Her voice broke a bit as she spoke. She looked clearly uncomfortable with this line of conversation, but there was a set to her shoulders and jaw that said she thought it was important to be honest. Then, something in her eyes flashed, and she pulled her hair over her shoulder. She took a deep breath of it, then sniffed her arm. Her brow furrowed and she looked up at him. “I don’t use anything that smells like cinnamon.”

Sam looked back up into his eyes and the tension that had forced it’s way back into her body melted. She couldn’t stay tense, not when those lovely eyes like the winter dawn looked at her so kindly. She just had to hope he wouldn’t be upset she had held onto his things. And hopefully, he wouldn’t be upset to learn that one of the things of his she had was his Malibu. The keys pressed against her thigh in her pocket, but she didn’t tense back up.

Instead, she scooted closer to him, so their thighs were touching. She wanted that connection. She wasn’t stupid enough to ask him for more than contact right then. She wanted more. She wanted everything that was him. She wanted his skin on hers again, wanted that wholeness and connection again. But even she knew that couldn’t happen. Not for a long time. They had let themselves get in too deep the first time, and look where that had gotten them.
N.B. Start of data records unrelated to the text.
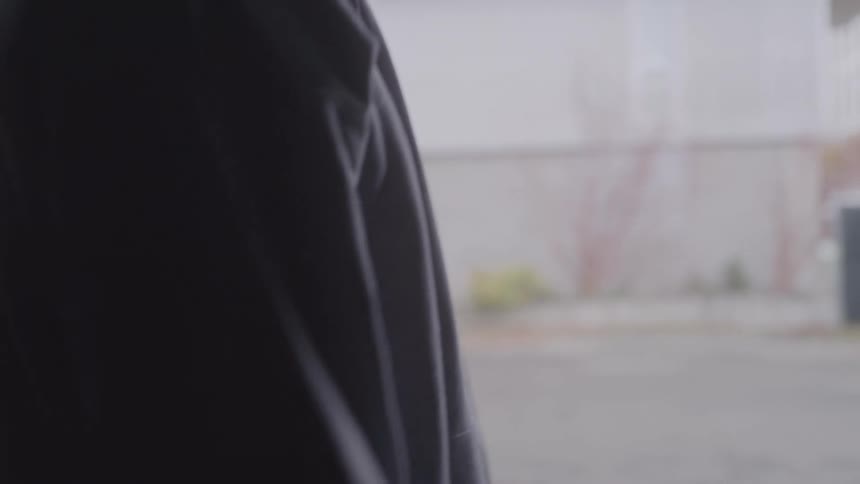 A silhouette of a man in a hoodie is shown from the side as he drinks from a clear water bottle with an urban building in the background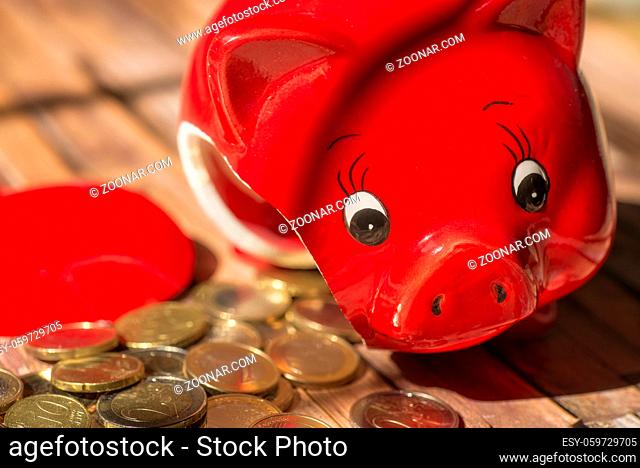Zerbrochenes Sparschwein mit vielen Münzen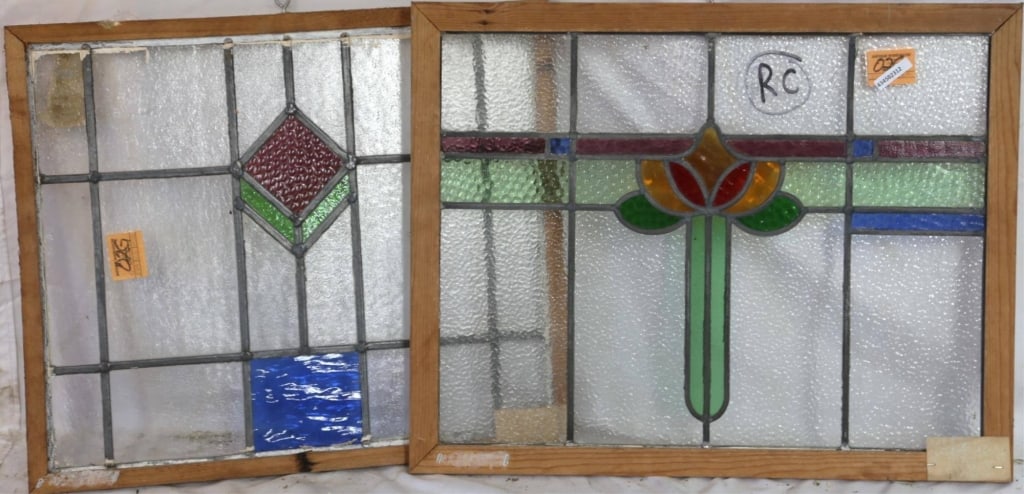 TWO CONTINENTAL STAINED GLASS PANELS: Two Continental stained glass panels with multicolored stained glass accents. Approximate dimensions: h. 21", w. 26" Disclaimer: This is an online court ordered bankruptcy sale. Participating bidders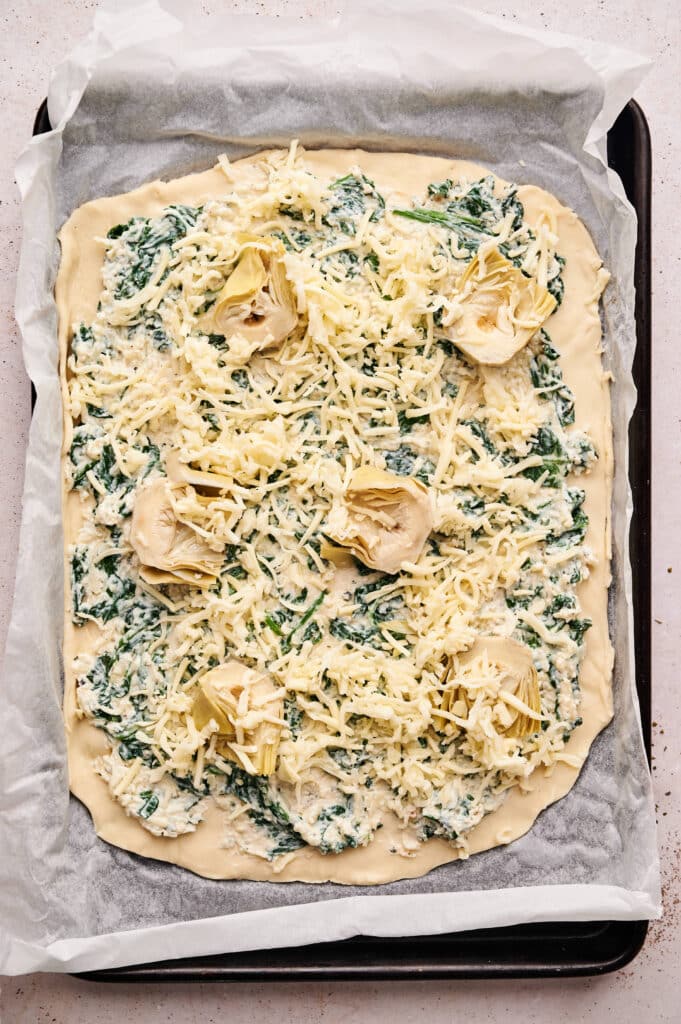 Unbaked rectangular Spinach Pizza topped with cheese and artichoke hearts, arranged on a parchment-lined baking tray.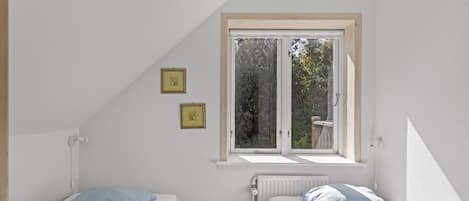 Un dormitorio con dos camas, una ventana con vistas a árboles y un radiador.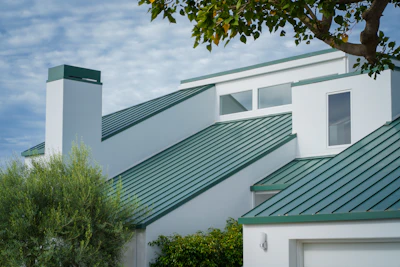 a white house with a green roof and a tree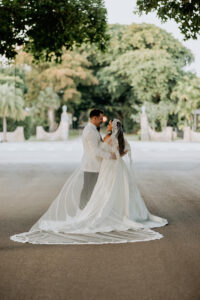 Wedding Photography and Elopement Photography, couple standing together from behind showing the brides long veil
No. This would be enough, his thigh against hers, his arm around her shoulders. She could still share her warmth like this. She could still chase away his cold. She could still give him her love. And that was all she really wanted. So she curled into his side and let more warmth pour from her to him. She didn’t press too close, not yet, in case the information that she had his things bothered him enough that he wanted to back away from her.